Customer wanted a free standing bathroom mirror made of pine 30x84 with distressed finished. Well I have completed the frame and installed mirror in the frame ready for the finish. Customer chose dark walnut finish and is ok with the samples provided. Now I am trying to determine how to make the finish look distressed with holes notches etc. any suggestions? Thanks in advance. RD:smile::grin::frown:


----------



## Stick486 (Jan 4, 2013)

meat tenderizing hammer..
chain, hammer or your high heel shoes to add dents......
spot sand w/ coarse sandpaper to distress the finish...
Add cracks to the wood using a chisel and hammer....
poke/scratch w/ a screwdriver...
use a wire brush to put on light scratches....
drill small holes


----------



## Semipro (Mar 22, 2013)

What Stick said, but think I would remove the mirror first!


----------



## Stick486 (Jan 4, 2013)

Semipro said:


> What Stick said, but think I would remove the mirror first!


he didn't say if he wanted to save the mirror or not....


----------



## wags999 (Nov 6, 2013)

Remember less can be more at times...


----------



## Cherryville Chuck (Sep 28, 2010)

I was looking at some distressed finish items at a furniture store and they said they used a glove with a bunch of brads or finishing nails sticking through the back and the wearer kept back-handing the surface until it looked distressed enough.


----------



## Herb Stoops (Aug 28, 2012)

Cherryville Chuck said:


> I was looking at some distressed finish items at a furniture store and they said they used a glove with a bunch of brads or finishing nails sticking through the back and the wearer kept back-handing the surface until it looked distressed enough.


Ooooch, that hurts!

Herb


----------



## Cherryville Chuck (Sep 28, 2010)

Yeah my thoughts too Herb, maybe was specially made with a plate between but the idea is sound- if you like that sort of thing.

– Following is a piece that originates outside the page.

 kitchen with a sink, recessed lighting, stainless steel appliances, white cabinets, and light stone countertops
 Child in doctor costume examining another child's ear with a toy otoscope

Maybe driving some nails through a Ping pong paddle instead? 

My sister in law had me make a tv stand for her and she used some craft paint that you lightly sand after different coats of different colors. Every time I see it I tell her it looks good, just needs a decent paint job. Different strokes for different folks.


----------



## JFPNCM (Dec 13, 2009)

Wire wheel on a drill? Vary the speed, pressure and stiffness to create the patterns.


----------



## lowracer (May 22, 2015)

if it is going to be painted (but I guess stained only) there are other things you can do.

in the past what I have done, stain first (especially because it is pine) then on some of the spots where it would normally wear, use either a little bit of Vaseline (very very carefully), or rub candlewax over. paint over that. the Vaseline and candlewax affects the sticking of the paint coat. afterwards use a wire brush/scotch brite sanding pad carefully. the places where the paint doesn't stick, will typically be the easiest to get off. 

I have also seen where people afterwards use a little bit of gel stain carefully in spots to mimic dirt built up.


----------